If a line below falls between the line with "bathroom featuring vanity, baseboards, visible" and the line with "Homme portant le", or is one of those two, output it exactly; output nothing else and no pictures.

RECORDS SUPPLIED:
■ ■ ■

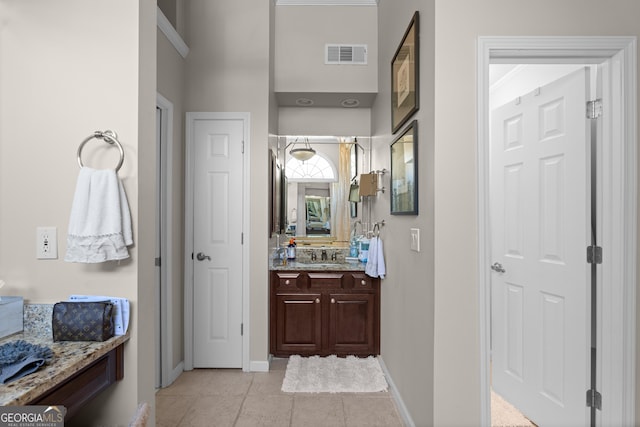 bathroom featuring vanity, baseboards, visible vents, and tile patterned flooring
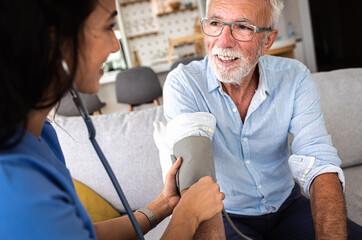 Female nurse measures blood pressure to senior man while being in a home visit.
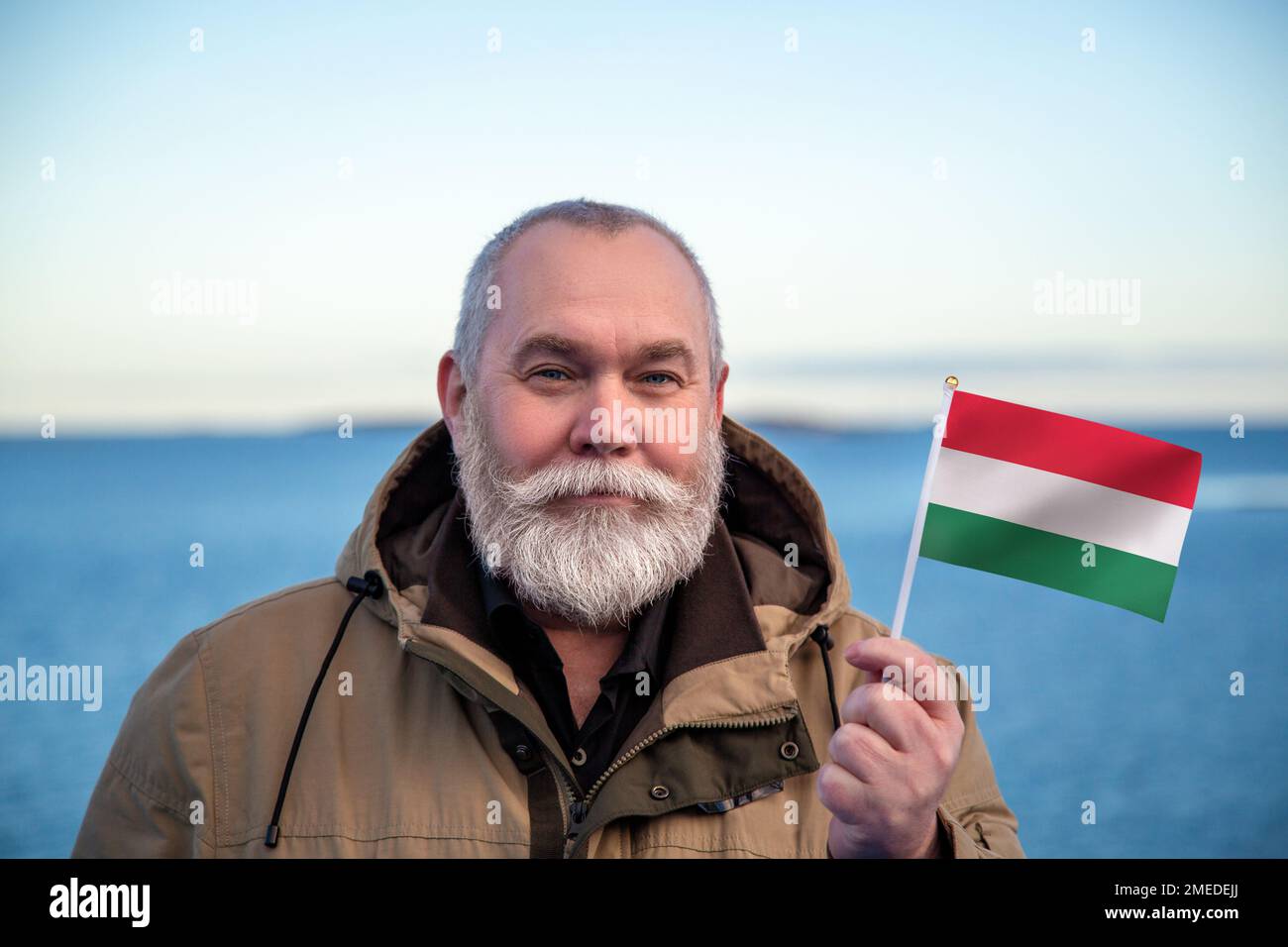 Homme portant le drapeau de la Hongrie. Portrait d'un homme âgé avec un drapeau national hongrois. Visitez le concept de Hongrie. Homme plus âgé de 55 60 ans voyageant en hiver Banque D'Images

■ ■ ■

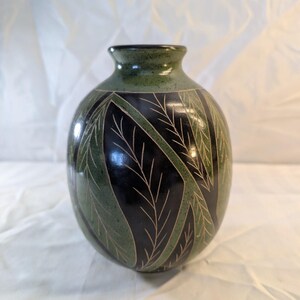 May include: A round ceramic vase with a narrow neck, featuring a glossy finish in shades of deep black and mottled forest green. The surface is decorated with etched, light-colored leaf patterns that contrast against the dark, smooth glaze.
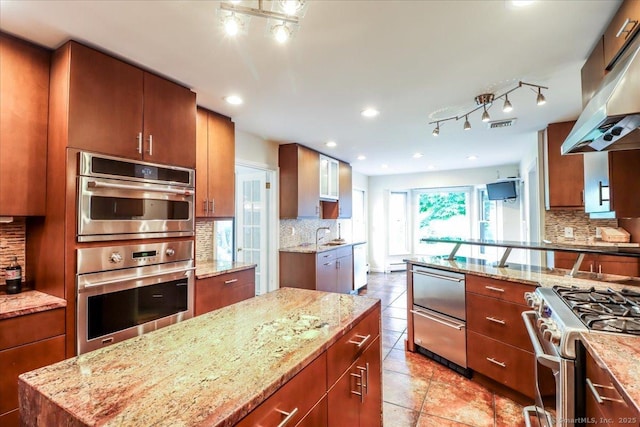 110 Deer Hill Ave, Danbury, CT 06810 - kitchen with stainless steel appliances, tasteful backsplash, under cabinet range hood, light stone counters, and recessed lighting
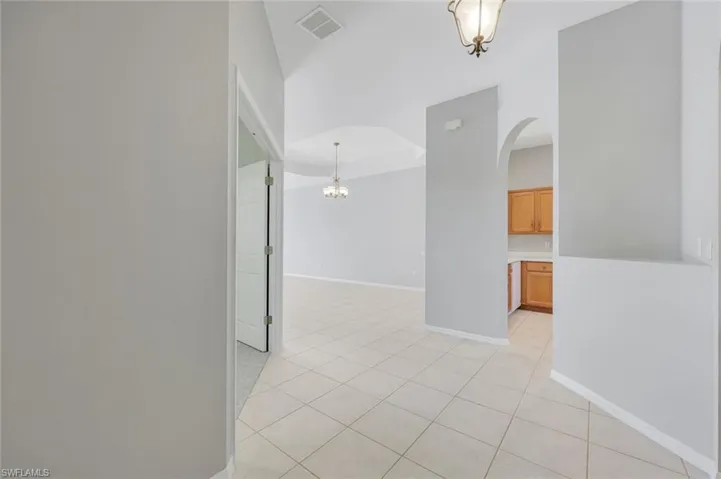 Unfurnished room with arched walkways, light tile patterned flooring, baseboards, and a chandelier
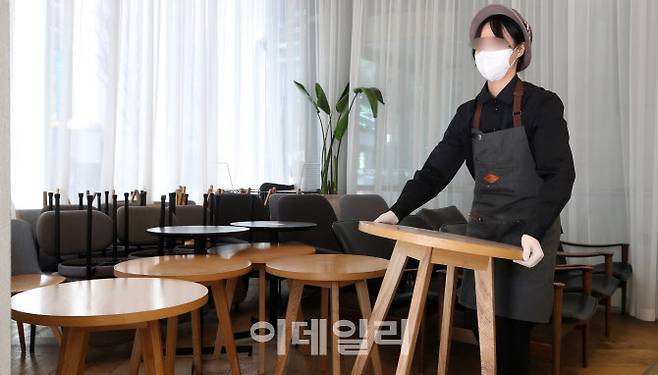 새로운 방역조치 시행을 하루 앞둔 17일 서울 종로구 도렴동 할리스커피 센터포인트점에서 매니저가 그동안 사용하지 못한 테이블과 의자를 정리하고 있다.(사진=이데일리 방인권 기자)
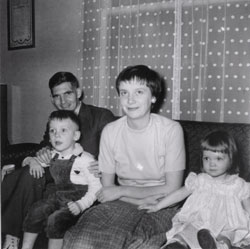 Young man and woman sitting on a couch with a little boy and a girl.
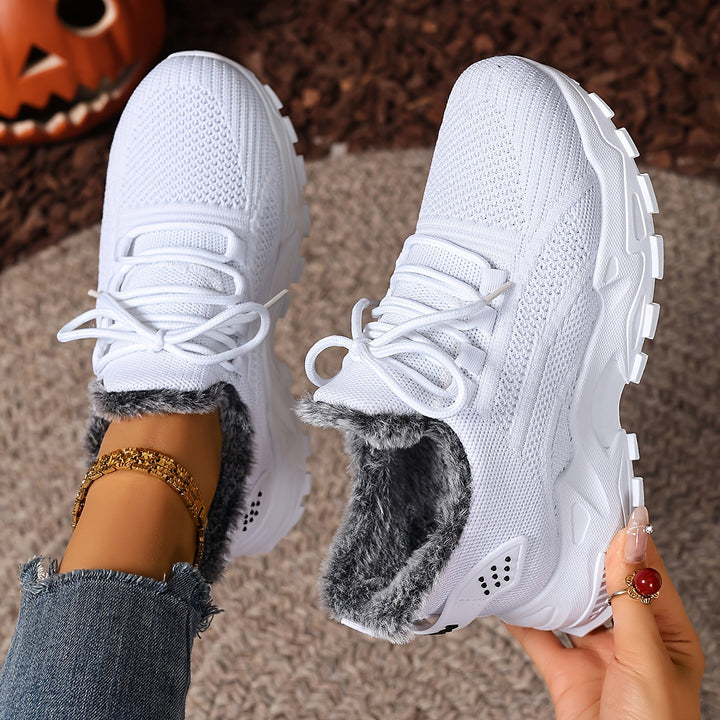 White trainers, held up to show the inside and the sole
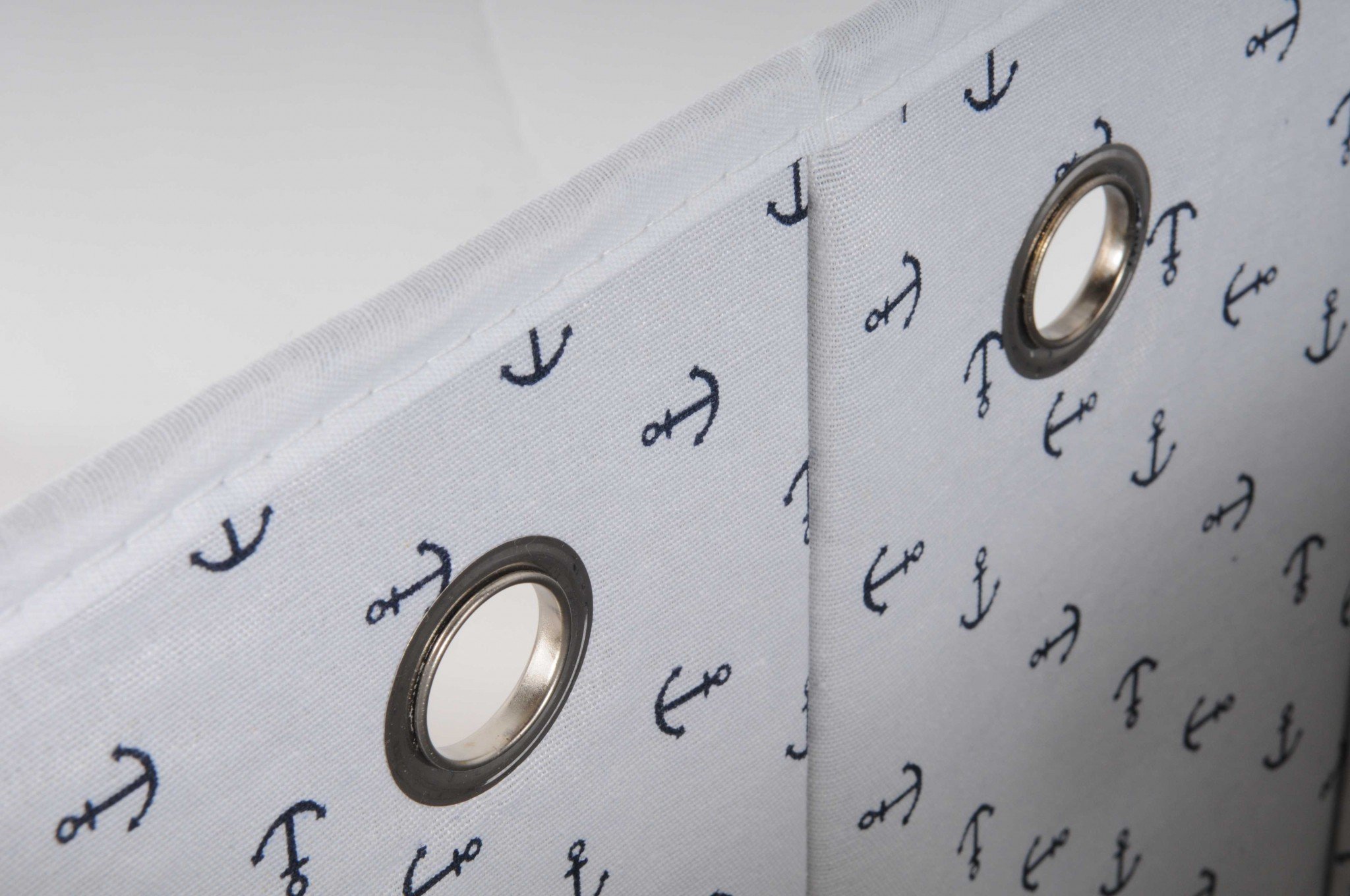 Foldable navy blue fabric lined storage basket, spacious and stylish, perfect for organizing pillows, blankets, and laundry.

■ ■ ■

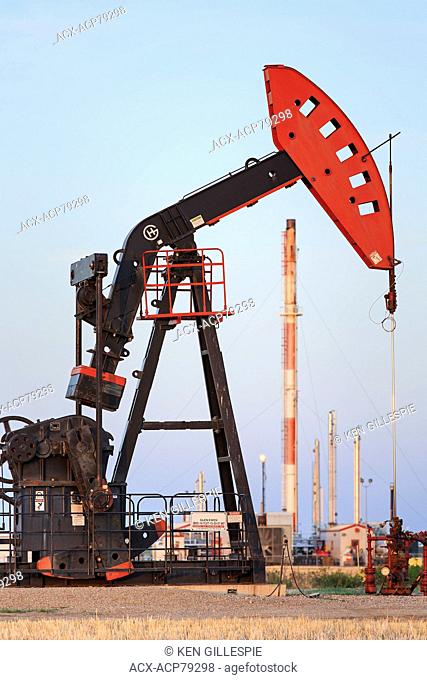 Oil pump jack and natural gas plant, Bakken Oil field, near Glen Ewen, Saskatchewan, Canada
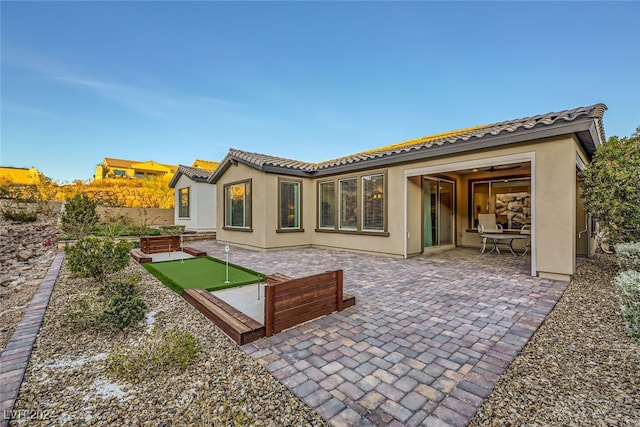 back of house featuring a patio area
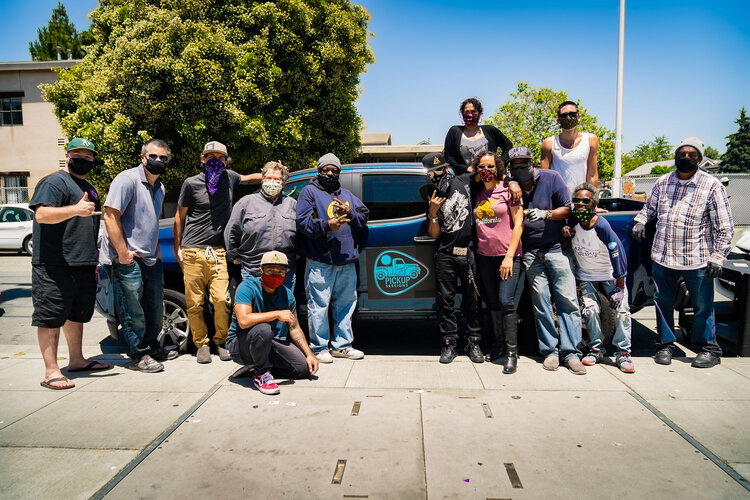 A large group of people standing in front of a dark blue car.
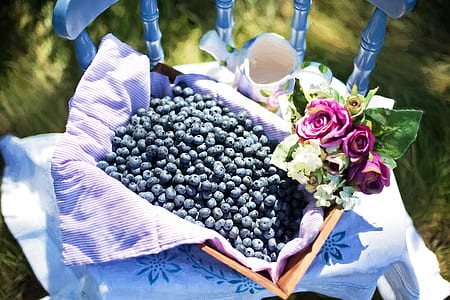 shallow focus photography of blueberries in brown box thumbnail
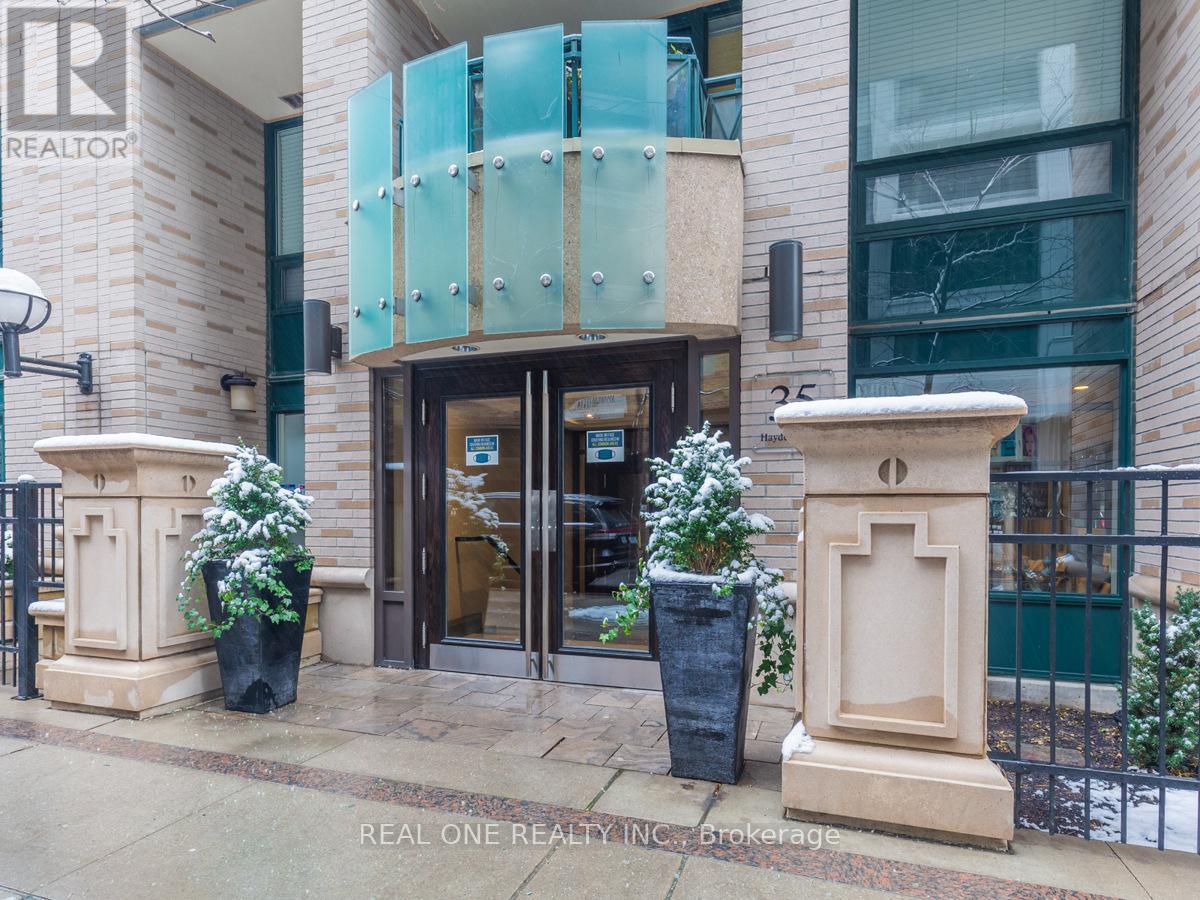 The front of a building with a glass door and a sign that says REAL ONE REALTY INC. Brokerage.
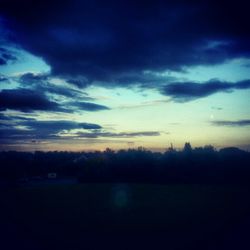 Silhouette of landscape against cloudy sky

■ ■ ■

TASK RESULT:
 bathroom featuring vanity, baseboards, visible vents, and tile patterned flooring
 Female nurse measures blood pressure to senior man while being in a home visit.
 Homme portant le drapeau de la Hongrie. Portrait d'un homme âgé avec un drapeau national hongrois. Visitez le concept de Hongrie. Homme plus âgé de 55 60 ans voyageant en hiver Banque D'Images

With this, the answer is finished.